The diagonal two-point correlations of the Ising model on the anisotropic triangular lattice and Garnier systems

TL;DR

This paper expresses the diagonal two-point correlations of the Ising model on an anisotropic triangular lattice using a Garnier system, linking statistical mechanics with advanced integrable systems and deriving nonlinear recurrence relations.

Contribution

It establishes a novel connection between Ising model correlations and Garnier systems, extending the theory of Painlevé equations to a three-variable setting with explicit recurrence relations.

Findings

Correlations characterized by a Garnier system.

Derivation of nonlinear recurrence relations for correlations.
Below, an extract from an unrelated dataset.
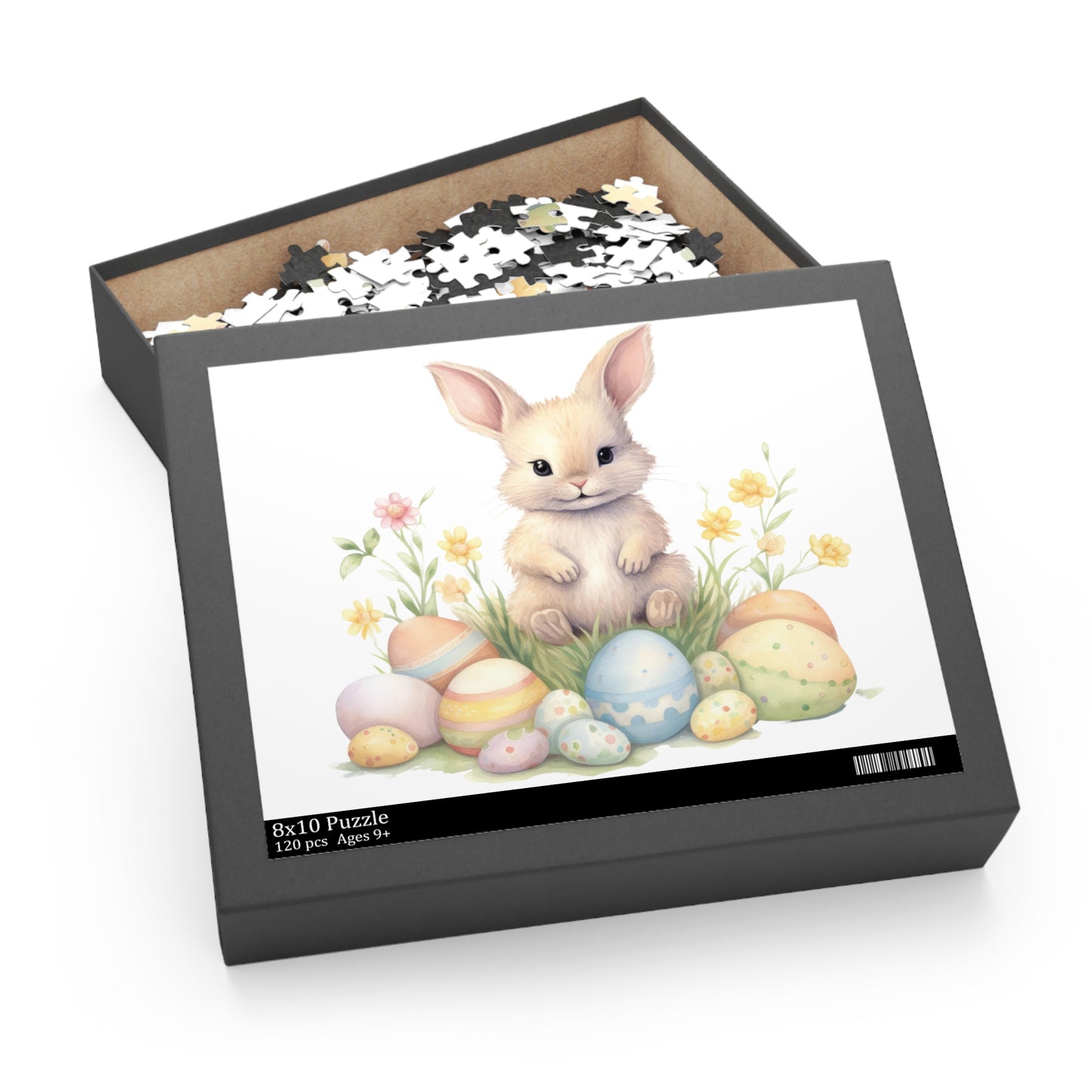 Personalised/Non-Personalised Puzzle, Easter Bunny (120, 252, 500-Piece)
Extension of discrete Painlevé V to a Garnier framework.

Abstract

The diagonal spin-spin correlations $ \langle \sigma_{0,0}\sigma_{N,N} \rangle $ of the Ising model on a triangular lattice with general couplings in the three directions are evaluated in terms of a solution to a three-variable extension of the sixth Painlev\'e system, namely a Garnier system. This identification, which is accomplished using the theory of bi-orthogonal polynomials on the unit circle with regular semi-classical weights, has an additional consequence whereby the correlations are characterised by a simple system of coupled, nonlinear recurrence relations in the spin separation $ N \in \mathbb{Z}_{\geq 0} $. These later recurrence relations are an example of the discrete Garnier equations which, in turn, are extensions to the "discrete Painlev\'e V" system.